Well, not so fast. Not everything that moves automatically stirs the soul. Capturing someone’s eye is not the same as having their undivided attention and tickling someone’s eyeballs is very different from capturing someone’s heart and mind. If I see a fly buzz past my head, I will look at it, but is does not mean I will run out for a hot bowl of steaming flies an hour later. Moving stuff – even if well-designed or funny – can be distracting or irrelevant. And while we’re at it: yes, it can be irritating at times as well.
The motion in the middle
To be clear: at some basic level motion works, all the time. After all, we are only human. We cannot resist the tickle. But it only works to our advantage if it is part of a communication strategy that takes the big picture into account. What does the customer want and need? What is their mindset? What else is there around the moving brand experience that matters to the viewer? Context, sociology, psychology, history and a great big dollop of graphic design and branding expertise are needed to make movement truly work. Motion should not just move; it should engage.

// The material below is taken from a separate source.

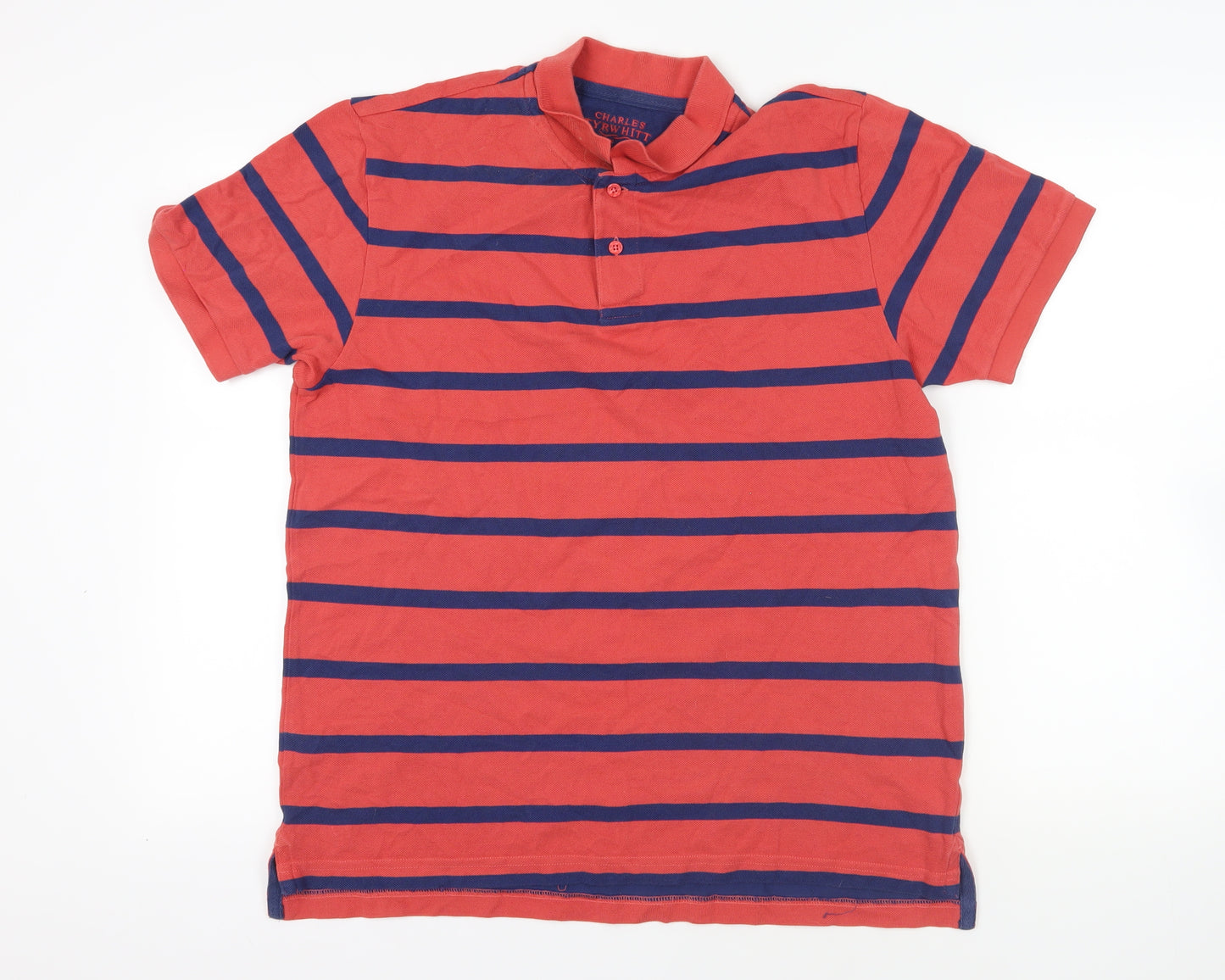 Charles Tyrwhitt Red Striped Polo Shirt, Size L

At our agency, we do the motion last. Before we start to animate, we think about the how and what. We consider the big Why. The many motion graphics we have done for our clients over the past ten years have always been the end result of a careful and largely invisible process of deciding what *not* to do and because of that, our final creative result always has a sense of inevitability to it: it moves because it must move, and it moves the way it does because this is the best way. Sometimes, less is more. Sometime, too much is barely enough. For us, there is no standard fix-it jiggle: every motion we create, every visual change over time is unique, bespoke to the client and their needs.